Each entry below must come back exactly as written, without its pictures.
= = = =
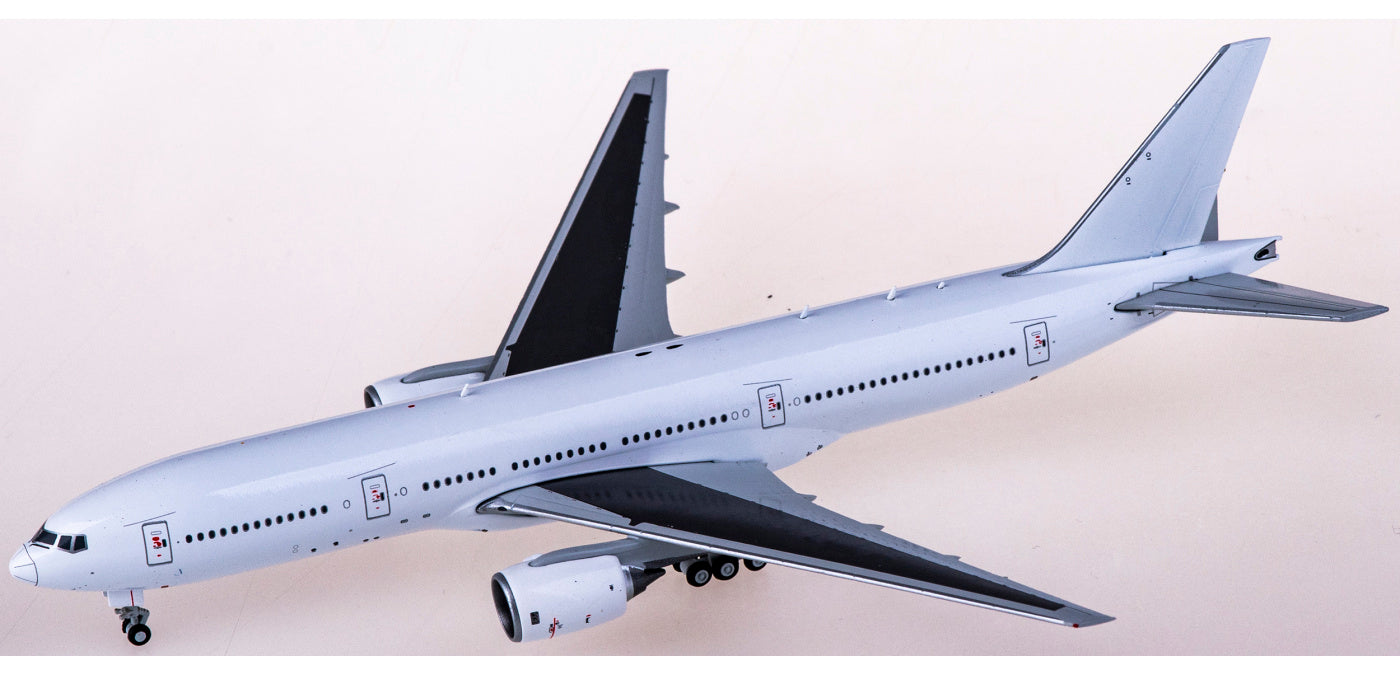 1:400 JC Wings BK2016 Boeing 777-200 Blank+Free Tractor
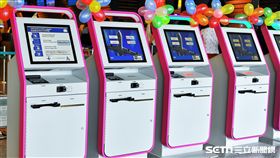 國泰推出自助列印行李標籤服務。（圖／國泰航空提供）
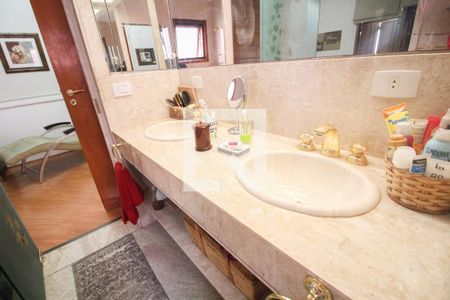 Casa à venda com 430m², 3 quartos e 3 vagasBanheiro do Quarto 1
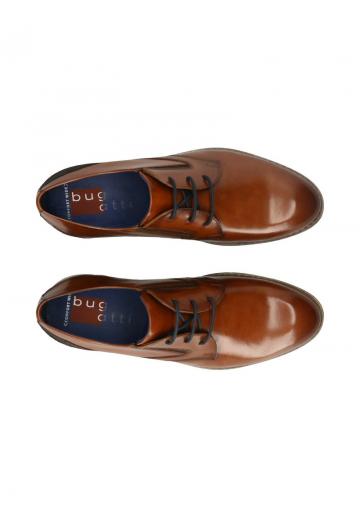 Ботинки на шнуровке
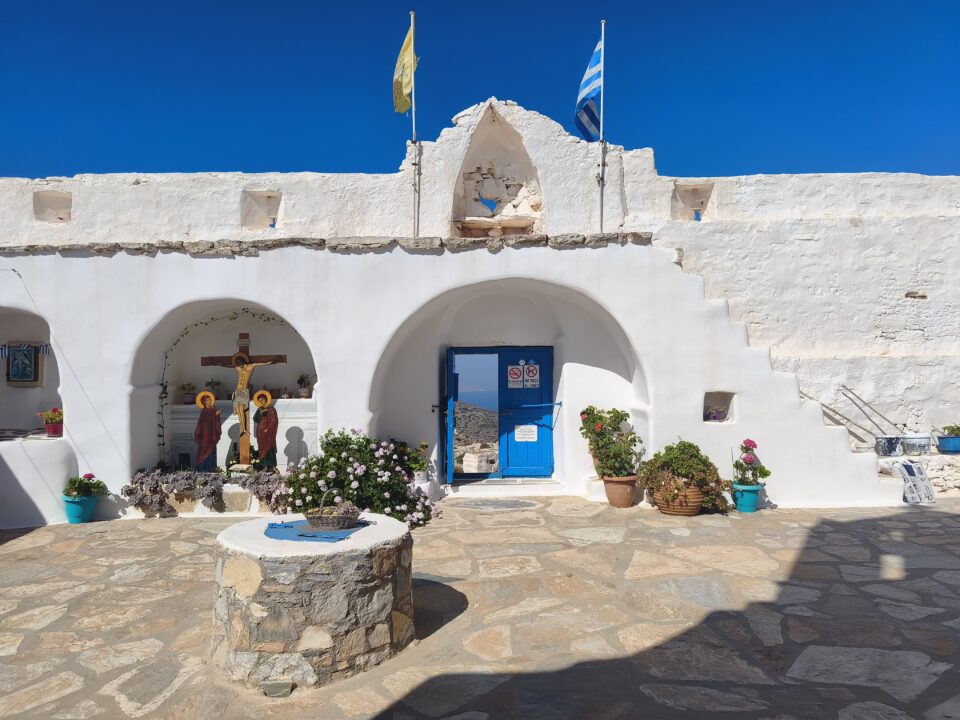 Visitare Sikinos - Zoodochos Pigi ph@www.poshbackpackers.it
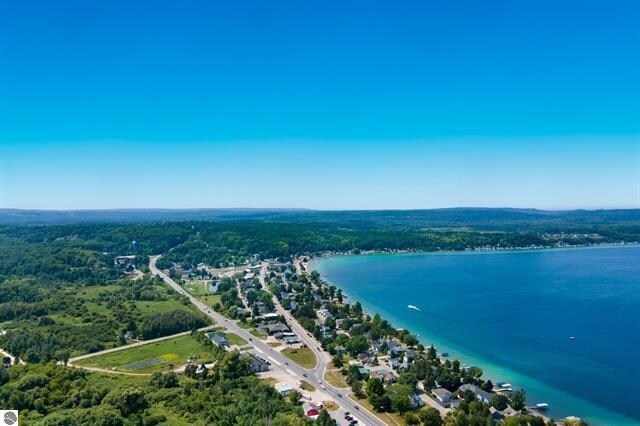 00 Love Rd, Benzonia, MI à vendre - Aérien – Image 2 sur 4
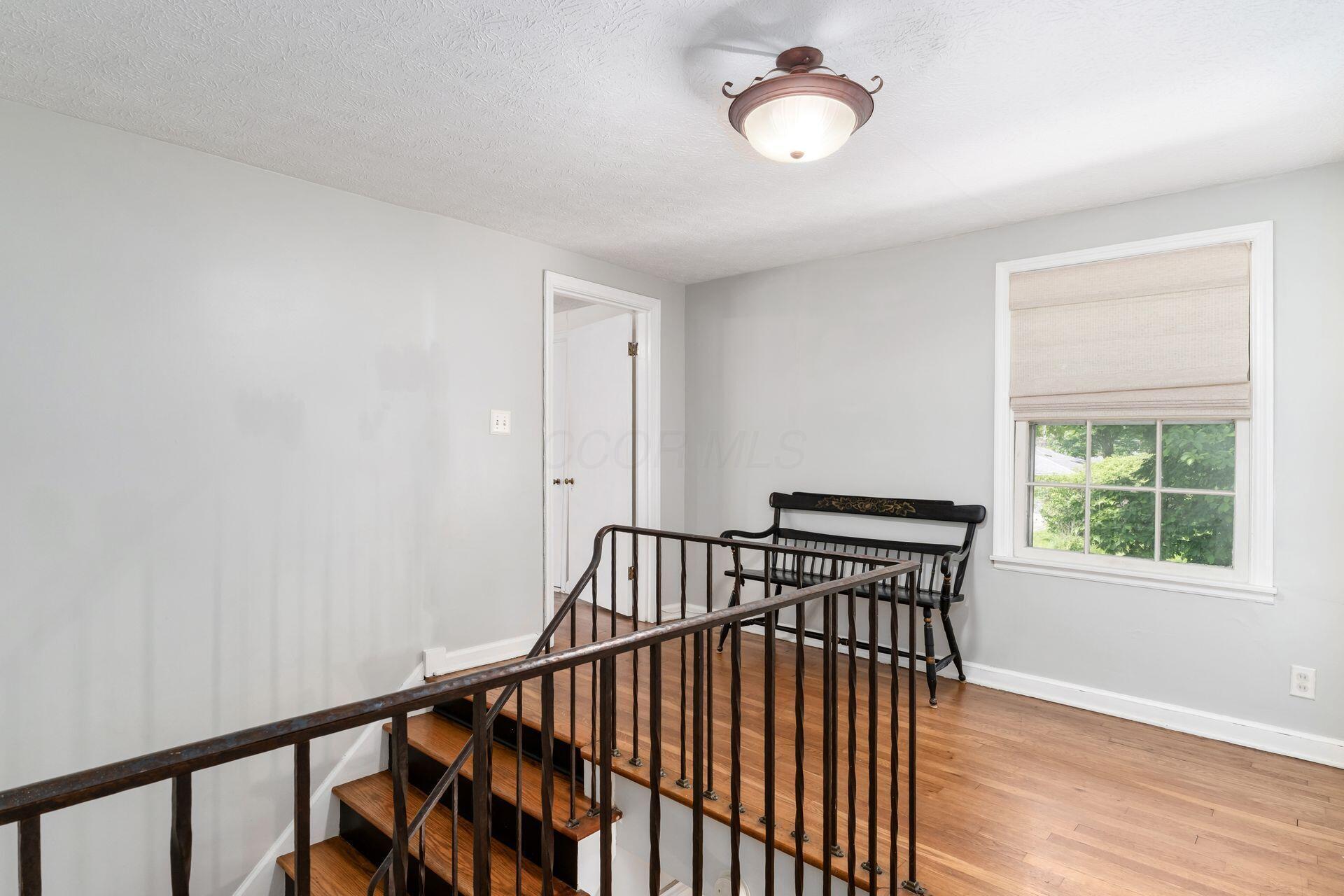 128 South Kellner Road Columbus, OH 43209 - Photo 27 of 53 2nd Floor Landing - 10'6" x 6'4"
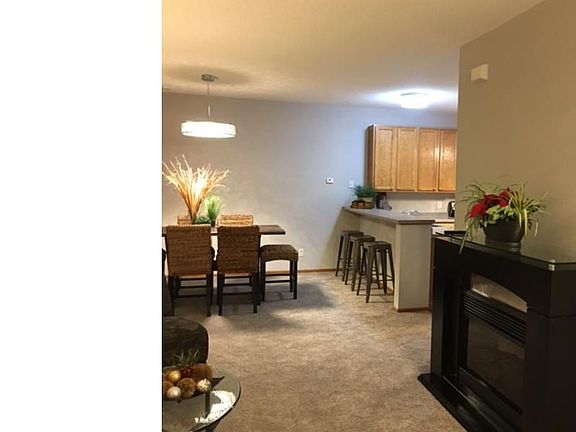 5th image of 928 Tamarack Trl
= = = =
Finished exercise
 1:400 JC Wings BK2016 Boeing 777-200 Blank+Free Tractor
 國泰推出自助列印行李標籤服務。（圖／國泰航空提供）
 Casa à venda com 430m², 3 quartos e 3 vagasBanheiro do Quarto 1
 Ботинки на шнуровке
 Visitare Sikinos - Zoodochos Pigi ph@www.poshbackpackers.it
 00 Love Rd, Benzonia, MI à vendre - Aérien – Image 2 sur 4
 128 South Kellner Road Columbus, OH 43209 - Photo 27 of 53 2nd Floor Landing - 10'6" x 6'4"
 5th image of 928 Tamarack Trl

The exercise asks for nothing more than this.